We’ve been in stealth mode for the past year creating, tinkering away at a new project. Throughout 2016 we’ve been building out our AI Labs In Amherst, Massachusetts—on the East bank of the Connecticut River. We’re calling the project Magic Machines. The goal is force-multiplying AI technologies. What does this mean? Well, the breakthrough technologies that comprise Magic Machines AI Labs address the severe limitations imposed by the complexity of machine learning.
The product is a highly-flexible, self-organizing, self-learning system that will work with humans to produce specific AI solutions to business problems. No matter your experience, no matter your business—Magic Machines will put the full power of the AI revolution in your hands. Over the coming months, Lexalytics, an InMoment company, will announce products that enable the average business person to handle more projects like never before. No longer are you limited to the functionality and industry focus out of the box. Magic Machines empower business intelligence users to shape the AI with simple, natural language commands.

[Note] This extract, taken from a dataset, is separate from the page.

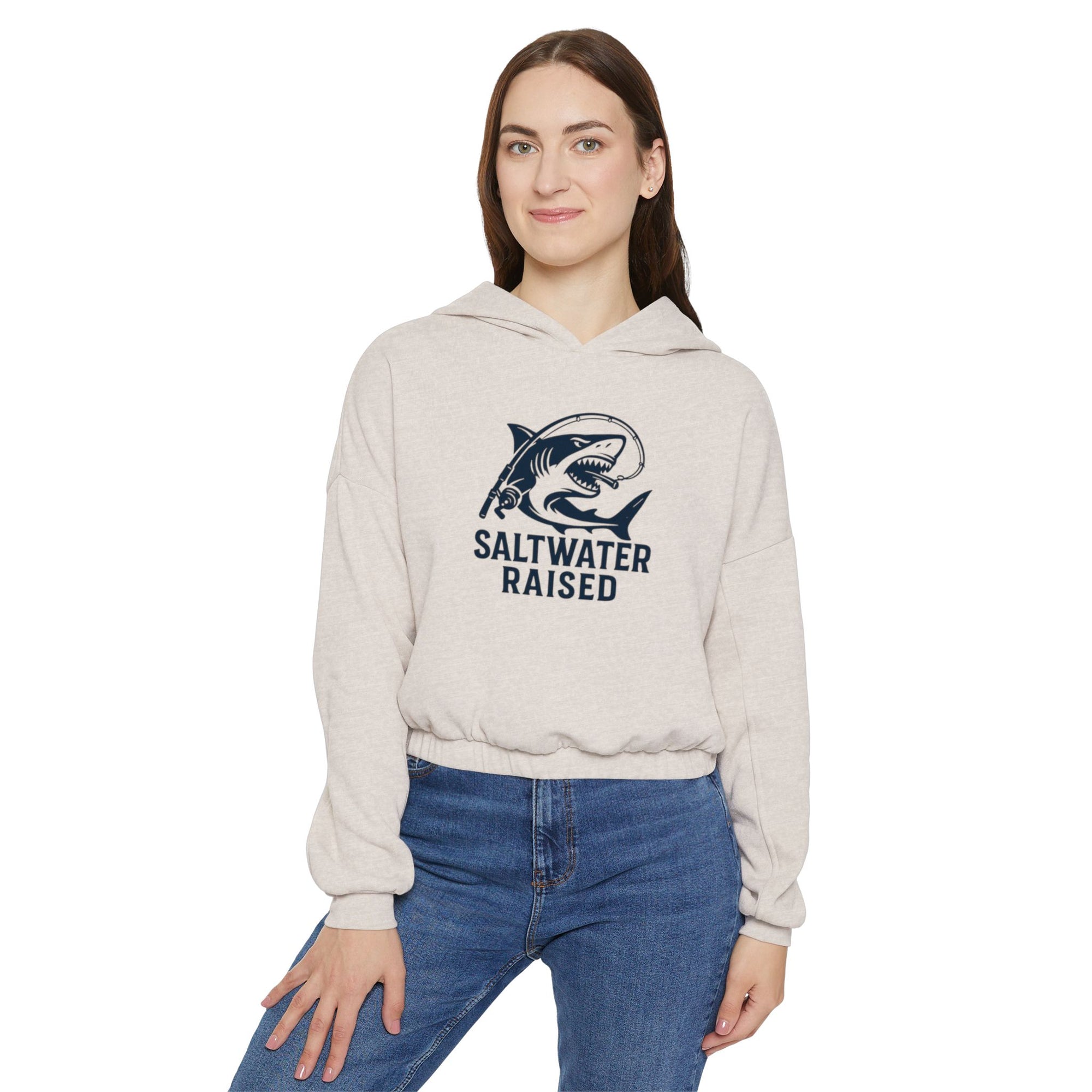 Shark Hoodie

We’ve partnered with the University of Massachusetts Amherst’s Center for Data Science and Northwestern University’s Medill School of Journalism, Media and Integrated Marketing Communications to create a powerful, beautiful, and effective solution. Through our affiliation with UMass, we’re working with faculty and students on the underlying challenges of analyzing, visualizing and drawing insights from massive volumes and varieties of data. Our partners at Northwestern are working with us to ensure the usability and applicability of Magic Machines AI technologies to a broad set of business users.
We’ve decided to force multiply five technologies, each selected to optimize the automation of building an application-specific AI: Swarm Intelligence/Emergent Behavior, Adaptive AI, Algorithmic Coordination, Transfer Learning and Meta-Learning. This foundational tech will allow data scientists to apply their time more efficiently while making sure business analysts can shape the resultant AI systems. Suffice it to say, this was not easy! In a recent Datanami article, our Chief Scientist, Paul Barba, put it this way: “Text analytics is an AI-hard problem, meaning that we have solved some of the most difficult AI-related challenges around. After over a year of working quietly on Magic Machines technologies, we’re happy with our results, and ready to catapult innovation in AI even further.”
So, the road to the marketplace was far from smooth. But through that we’ve overcome some of the most substantial and sophisticated AI problems. And now we’re ready to share our findings with the world.